Cet incident a eu lieu à Oicha, cité située à 30 km au nord de la ville de Beni. Les manifestants protestaient contre une attaque survenue la veille et attribuée aux milices ougandaises musulmanes des Forces démocratiques alliées (ADF), au cours de laquelle deux personnes avaient été tuées.

"La police a dispersé les manifestants par des tirs à balles réelles et du gaz lacrymogène, pour l'instant le bilan est de trois morts dont une femme pygmée", a accusé Noella Katongerwaki, présidente de la société civile du territoire de Beni.

Les activités sont "paralysées dans la cité d'Oicha. Nous demandons à l'armée de faire son travail. Nous ne pouvons pas comprendre que notre armée n'arrive toujours pas à nous sécuriser contre les ADF", a ajouté un autre activiste, Janvier Kasairio.

La police a accusé certains manifestants de détenir des armes et a annoncé l'arrestation d'au moins deux d'entre eux.

"Nous avons vu des jeunes gens surgir dans la rue, d'autres barricadaient la route principale, nous les avons dispersés mais certains parmi eux étaient armés.

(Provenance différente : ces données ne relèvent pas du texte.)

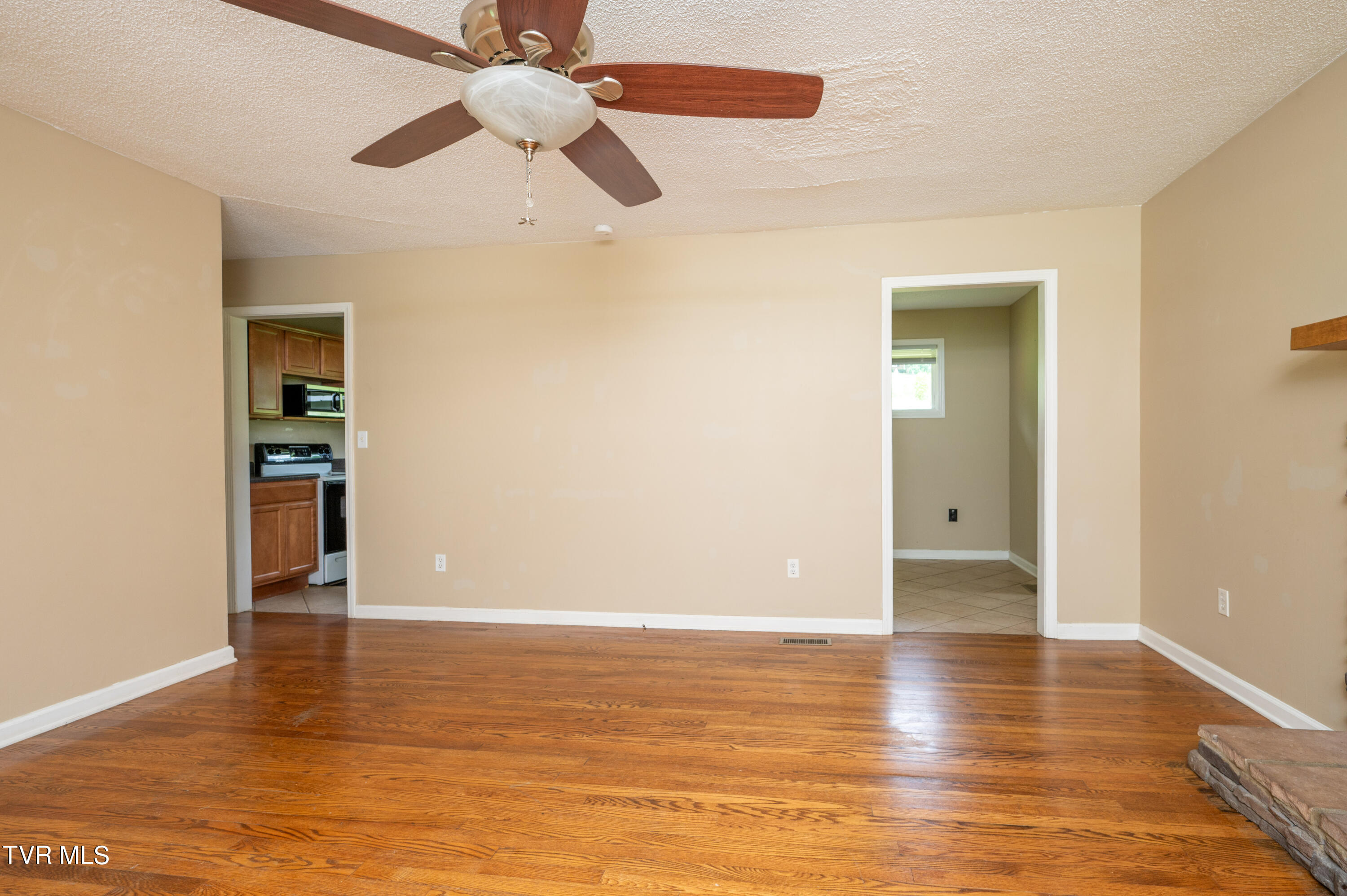 217 Chadwell Road Kingsport, TN 37660 - Photo 15 of 35 Chadwell Rd-17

Deux sont déjà aux arrêts, ils étaient en possession d'une arme à feu", a affirmé le colonel Umbi Azalendanya, chef de la police du territoire de Beni, interrogé par l'AFP.

-'Encadrer les manifestants au lieu de les tuer'-

"On ne peut pas tuer les citoyens parce qu'ils manifestent, c'est inacceptable. La police aurait dû encadrer les manifestants au lieu de les tuer. Nous exigeons des enquêtes pour que ces policiers tueurs soient jugés", tempête Jean-Paul Ngahangondi, un élu provincial de Beni.

La maison d'un policier accusé d'être l'auteur du tir qui a coûté la vie au jeune homme de 25 ans a été incendiée par des habitants en colère. L'après-midi, l'ambulance de l'armée circulait dans les rues d'Oicha, ont rapporté des témoins.

Un peu plus au sud, à Butembo, important carrefour commercial, des membres de Veranda Mutshanga, un groupe de pression, ont barricadé la route, brûlé des pneus en signe de protestation contre les tueries de Beni. La police les a dispersés sans causer de dégâts, selon des témoignages recueillis par l'AFP.

"Une journée ville morte a été observée à l'appel de Veranda Mutshanga, la population a bloqué quelques artères, des magasins sont fermés", a nuancé une source onusienne.

Beni et ses environs - considérés comme zone d'action des miliciens ougandais ADF et repaire de nombreux groupes armés - sont la cible d'attaques meurtrières d'hommes armés depuis octobre 2014.

Cette série de massacres attribués à ce groupe armé sanguinaire a fait plusieurs centaines des morts parmi des civils. Depuis, des actions militaires s'y déroulent sans mettre un terme aux tueries dans cette région érigée en zone opérationnelle.

La semaine dernière, l'armée congolaise avait mis en garde contre toute formation des jeunes aux métiers des armes en dehors des canaux légalement établis dans le Nord-Kivu.

"Les jeunes désireux de servir la patrie sous le drapeau doivent obligatoirement suivre le processus normal de recrutement (...) Autrement, tout mouvement de jeunesse armée, toute milice armée sera considérée comme une force négative et traitée comme telle", avait averti l'armée.

L'Est congolais est en proie à l'insécurité depuis 25 ans. Un récent rapport de l'ONG Human Rights Watch et du Groupe d'étude sur le Congo a répertorié plus de 130 groupes armés dans la seule région du Kivu.